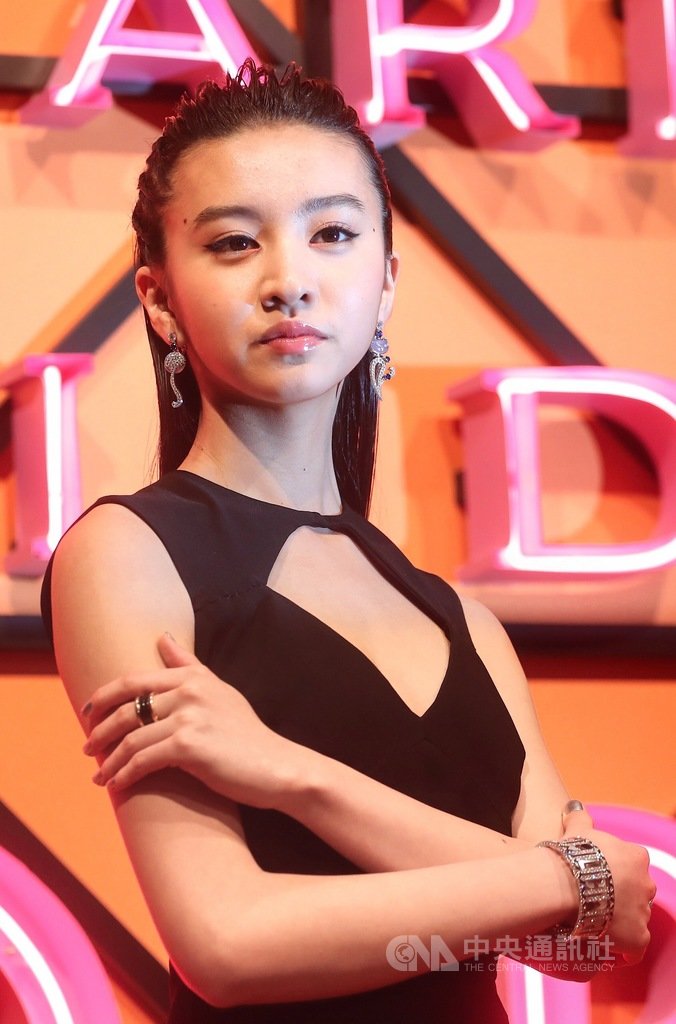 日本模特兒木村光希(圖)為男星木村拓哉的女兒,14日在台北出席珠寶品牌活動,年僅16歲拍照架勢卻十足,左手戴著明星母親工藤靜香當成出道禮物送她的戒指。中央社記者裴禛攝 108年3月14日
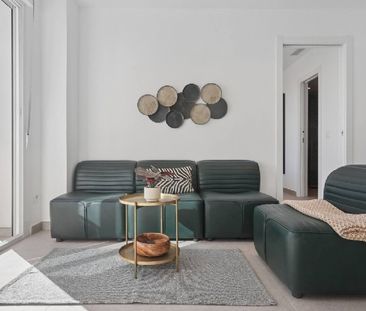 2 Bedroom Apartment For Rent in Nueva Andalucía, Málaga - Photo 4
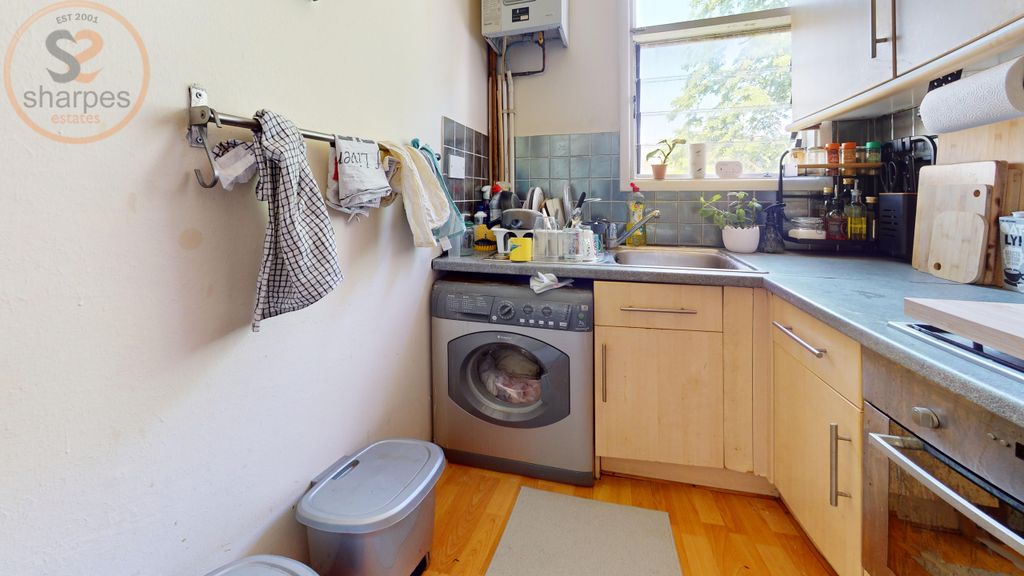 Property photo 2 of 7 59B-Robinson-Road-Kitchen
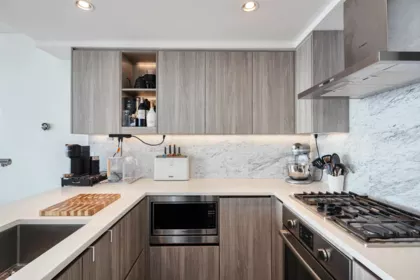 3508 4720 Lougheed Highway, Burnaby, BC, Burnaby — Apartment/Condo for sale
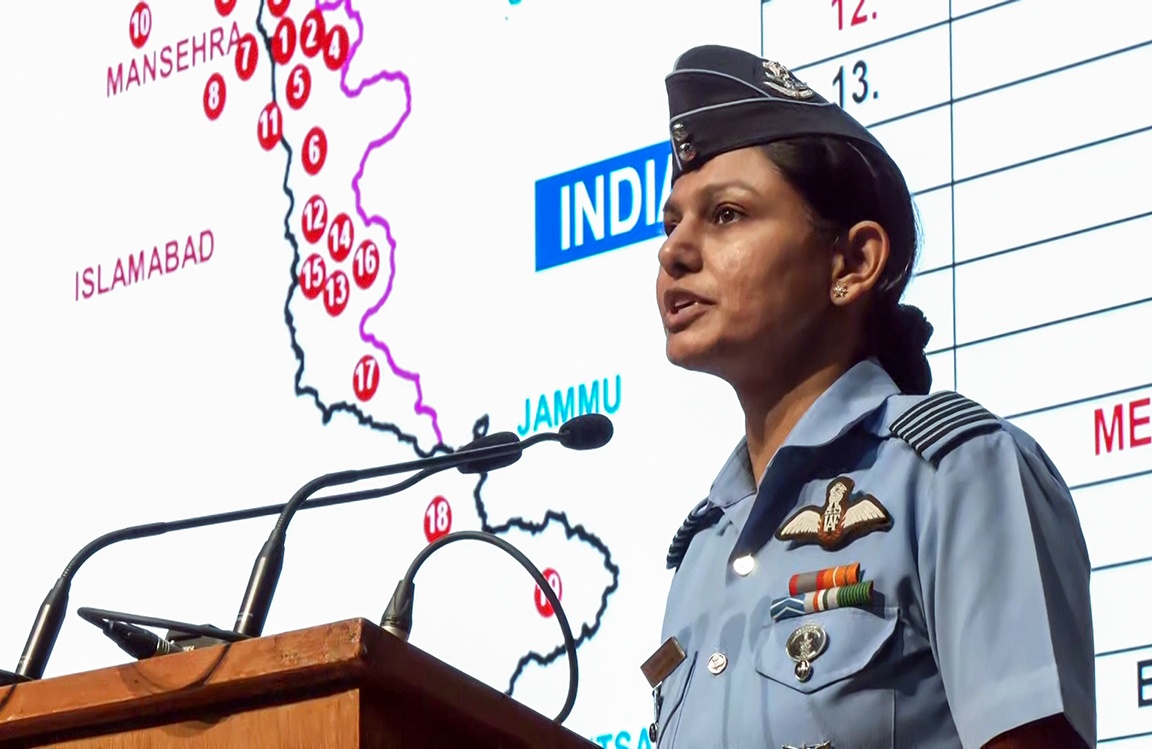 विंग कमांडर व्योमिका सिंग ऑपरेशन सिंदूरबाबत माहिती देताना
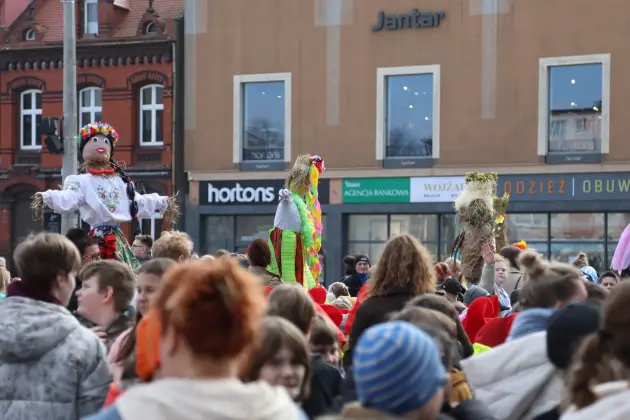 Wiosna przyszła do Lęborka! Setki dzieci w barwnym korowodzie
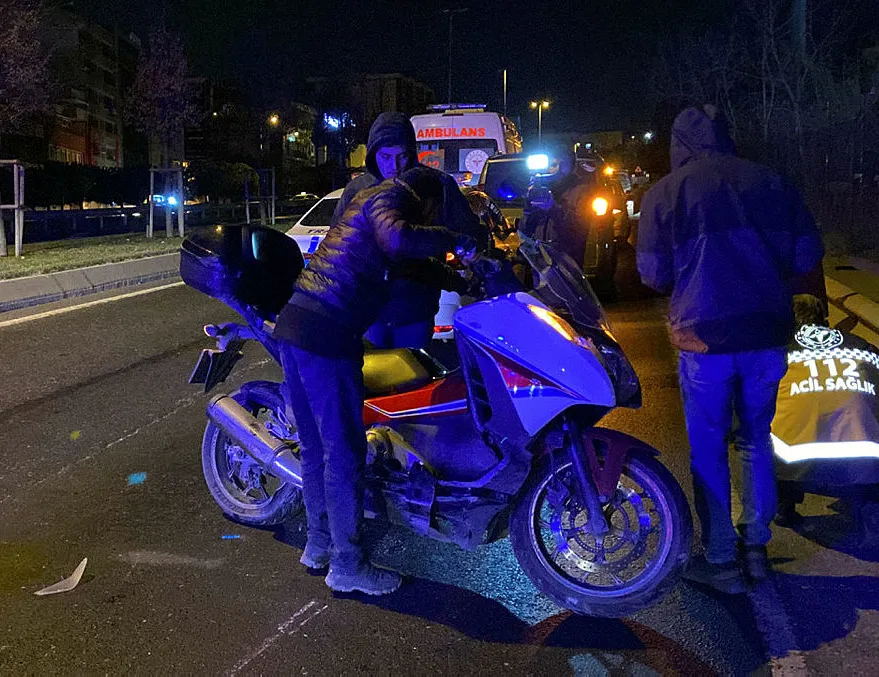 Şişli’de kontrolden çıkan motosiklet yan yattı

• WORK TO COMPLETE: All lines from the one containing "2 Bedroom Apartment" to the end of the entries should appear in the output exactly as written, with no pictures.

• EXPECTED ANSWER:
 2 Bedroom Apartment For Rent in Nueva Andalucía, Málaga - Photo 4
 Property photo 2 of 7 59B-Robinson-Road-Kitchen
 3508 4720 Lougheed Highway, Burnaby, BC, Burnaby — Apartment/Condo for sale
 विंग कमांडर व्योमिका सिंग ऑपरेशन सिंदूरबाबत माहिती देताना
 Wiosna przyszła do Lęborka! Setki dzieci w barwnym korowodzie
 Şişli’de kontrolden çıkan motosiklet yan yattı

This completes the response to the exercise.